• [Work task]
Your copy of the entries below should hold exactly the lines from the one containing "Hepatitis C-What You Need to Know!" to the one containing "Book cover for", inclusive, and no pictures.

• [Data records]
Segment Open

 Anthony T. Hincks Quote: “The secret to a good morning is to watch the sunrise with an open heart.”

Segment Closed
Segment Open

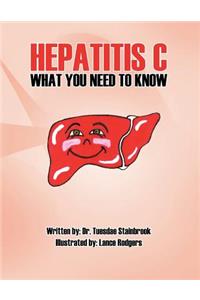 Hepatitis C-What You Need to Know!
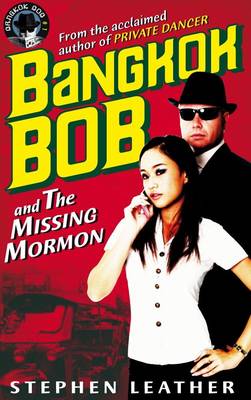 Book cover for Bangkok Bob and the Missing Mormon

Segment Closed

• [Answer for this exercise]
 Hepatitis C-What You Need to Know!
 Book cover for Bangkok Bob and the Missing Mormon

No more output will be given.